For no ink is so red, so true, he had explained with eyes wide in wonder as the bleeding dwindled to droplets. And no song will be beautiful unless written in such a color. He had dipped his quill in it and composed with ecstatic fervor one of his most accomplished pieces. 

After, he had roasted the poor little songbird over a candle flame and ate it whole—tiny, hollow bones cracking between his teeth, clotted blood slicking his tongue. Licking his plump, reddened lips, he said that he had loved it too dearly and could not bear to be parted, that he wanted it inside himself.

Maitimo has known Macalaurë since the hour of his birth, held his little hands, and brushed away his unwarranted tears. Maitimo had seen the strange fires kindle in him as a boy and watched the madness ripen alongside his beauty. He loves him nonetheless. Loves him more, perhaps, because of it. Maitimo could not turn away. It twisted inside him like a knife, binding him to his brother’s ruin.

For what is love, if not the embrace of the worst in someone?

In shadowed chambers where none might intrude, their love took its ugly shape. Macalaurë will come to him trembling, eyes bright with a kind of fever—the same instability that wrought destruction and once even left a servant nursing a deep cut to her fractured brow from a thrown paperweight. He would tear Maitimo’s robes open to press him against the wall, mouth frantic, desperate.

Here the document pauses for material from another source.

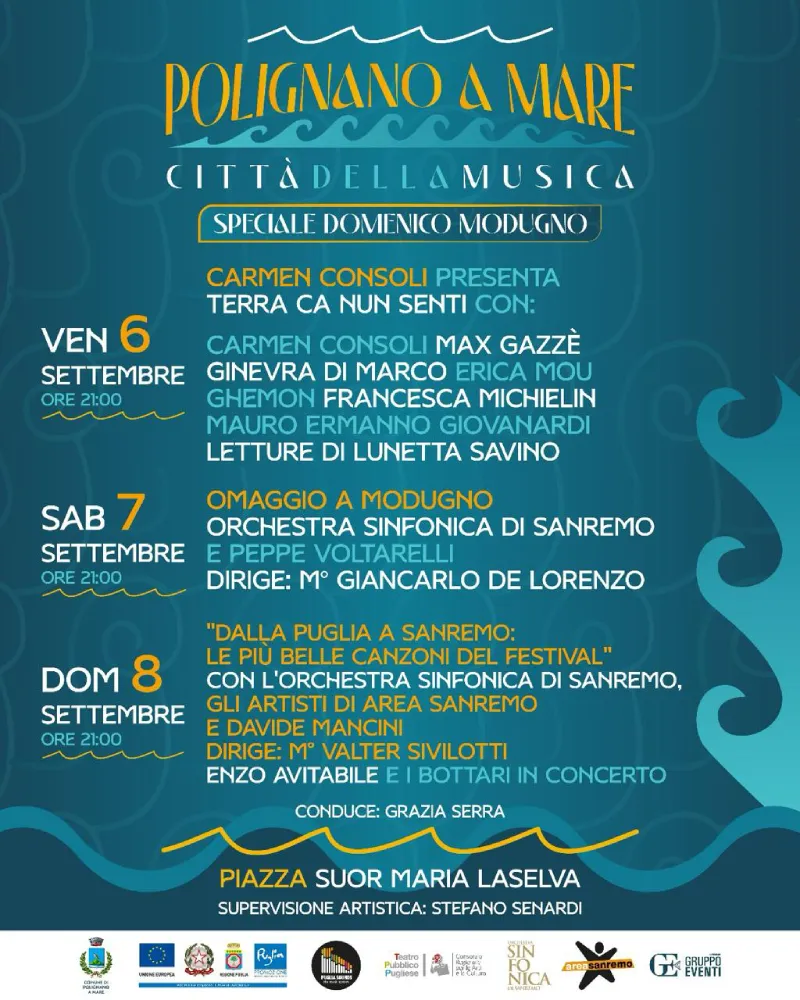 programma Polignano a Mare citta della musica 2024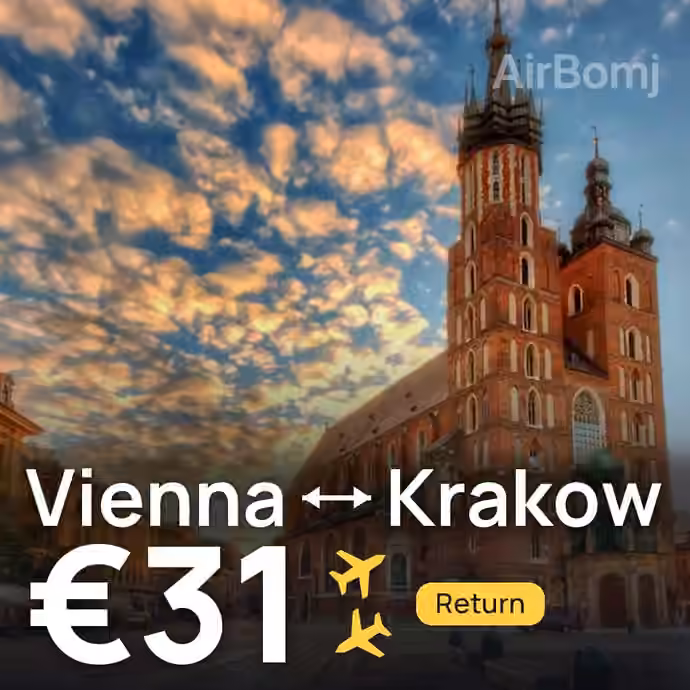 Vienna → Krakow for €31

Macalaurë will have him upon the cold, marble floors. With a fervor almost violent, he spears Maitimo upon his cock. Maitimo lets him. He lets Macalaurë fuck him, scratch, kiss, leave welts. He bares his throat to voracious teeth until the skin breaks and Macalaurë laves the beads of blood with his tongue.  

And Macalaurë will open to him in turn, inviting Maitimo within him and coaxing him to near-equal hunger. Until Macalaurë’s neck mottles and wrists are ringed. Maitimo might try to strive for gentleness but Macalaurë will not abide such succor, shove Maitimo upon his back, and ride him with the same breathless enthusiasm as upon a horse’s back through the spring plains. 

All the while keening, Brother, Brother, Brother. Always brother, never by his name. 

He will not relent until Maitimo answers as he must: Little one.

Only then will Macalaurë shudder, only then can his passion crest and fall, lovely body arching, lips parted in a sound half-song, half-cry.

And afterward, oh, afterward comes a tenderness as uncanny as the violence before it. The worst of the storm passing, Macalaurë will fold against him like a child and kiss Maitimo’s lips. 

Macalaurë will coo, adore him, and hold Maitimo to his breast with such affection. All the while singing his songs. The words are never quite the same, never quite linear or comprehensible but the meaning is intuitive: I love you, I love you, I love you.

The words sink into his marrow and hold him together.

He lays still while Macalaurë runs pale fingers through his long hair, twisting it about his slender fingers, winding them until Maitimo’s scalp burns and the strands nearly tear free. Then the pain will ease as Macalaurë brings it to his lips, brushing the copper ends back and forth across them as he might a rouge-tipped brush. 

Maitimo will close his eyes and drink it all in like poison, knowing it may kill him and desiring it all the more. And always, in the depths of his mind, Maitimo wonders: When will it be my turn? How long before his love devours me too?

The thought does not frighten him as it ought. That is the true horror. It fascinates him. It stirs something deeper, darker and quickens his heart. At times, lying awake with Macalaurë sleeping fitfully beside him, Maitimo imagines it: his flesh, roasted upon the spit, taken between rose-petal lips and pearly teeth. His bones, ground to meal and made into loaves and sweet breads. His blood, spilt across parchment into a masterpiece. Every part of himself a morsel for Macalaurë to glut himself upon at his leisure. Consumed whole. 

He knows he would not resist. He would open himself willingly, press the pin through his own heart and offer his ruin as proof of devotion. Let himself be swallowed in love and song so long as it is Macalaurë's alone.

Who is truly mad, Maitimo must ask himself, the one who is mad, or the one who loves him?

Perhaps there is no difference at all.